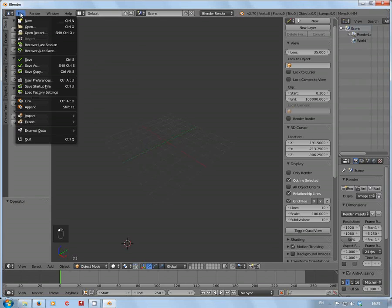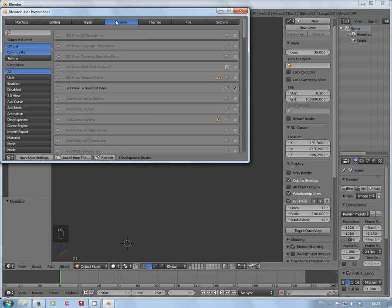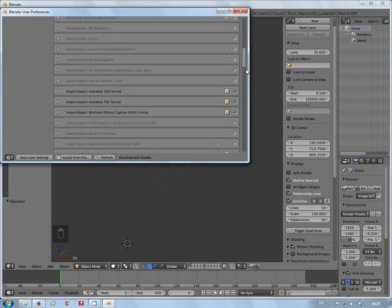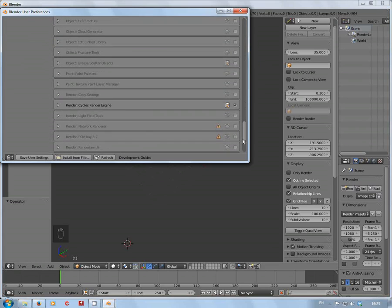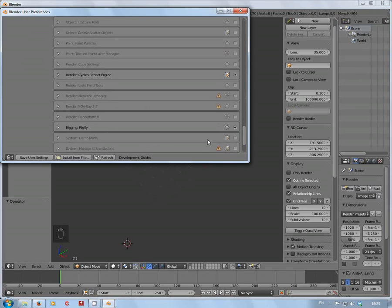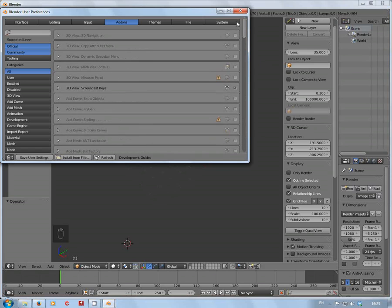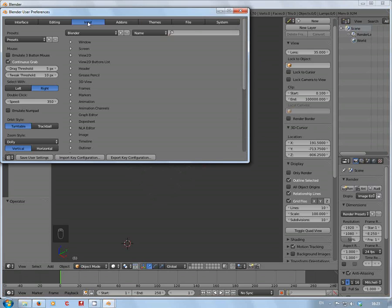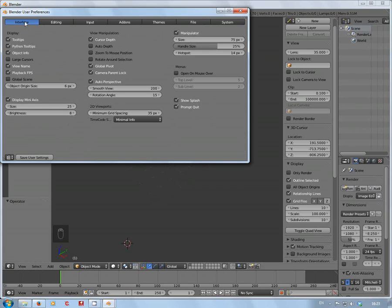If you haven't got that option, you have to make sure in User Preferences, Add-ons, go down to Rigify, put a tick in the box, save user settings.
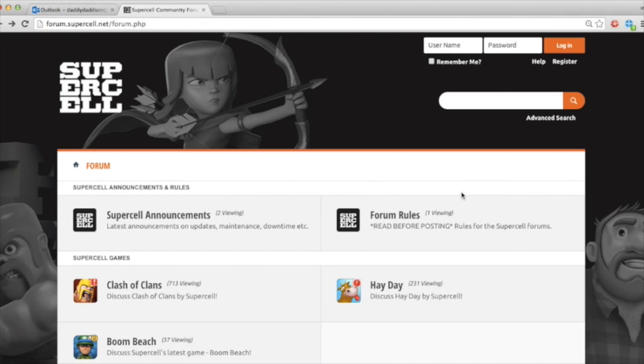Hi there, my name's Daddy. I'd like to talk to you a little bit about the new forum, really sort of take you through the forum, what it's there for, and how you can get the most out of it.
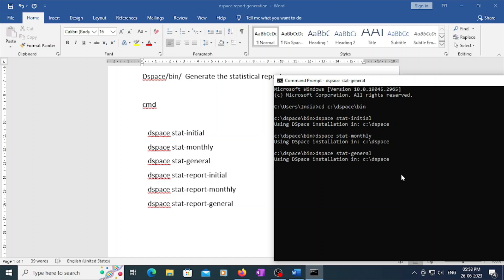In the general statistics, you will normally get information related to how many files there are, how many users there are, how many logins happened, and all those things.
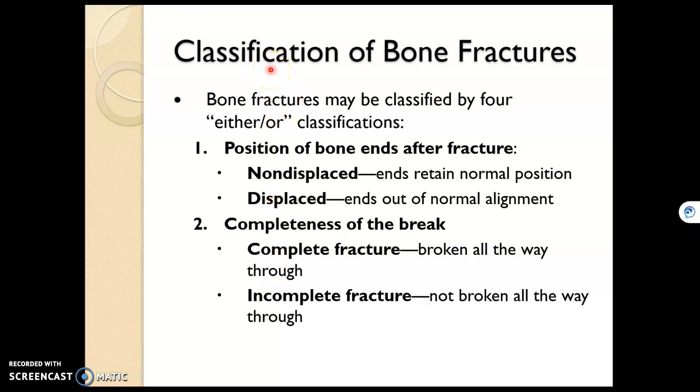In this final video of chapter six, we're going to go through bone fractures and fracture healing.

+---+

- _Problem to solve_:
Reproduce, word for word, everything in the listing above except the pictures.

- _Problem solution_:
If you haven't got that option, you have to make sure in User Preferences, Add-ons, go down to Rigify, put a tick in the box, save user settings.
Hi there, my name's Daddy. I'd like to talk to you a little bit about the new forum, really sort of take you through the forum, what it's there for, and how you can get the most out of it.
In the general statistics, you will normally get information related to how many files there are, how many users there are, how many logins happened, and all those things.
In this final video of chapter six, we're going to go through bone fractures and fracture healing.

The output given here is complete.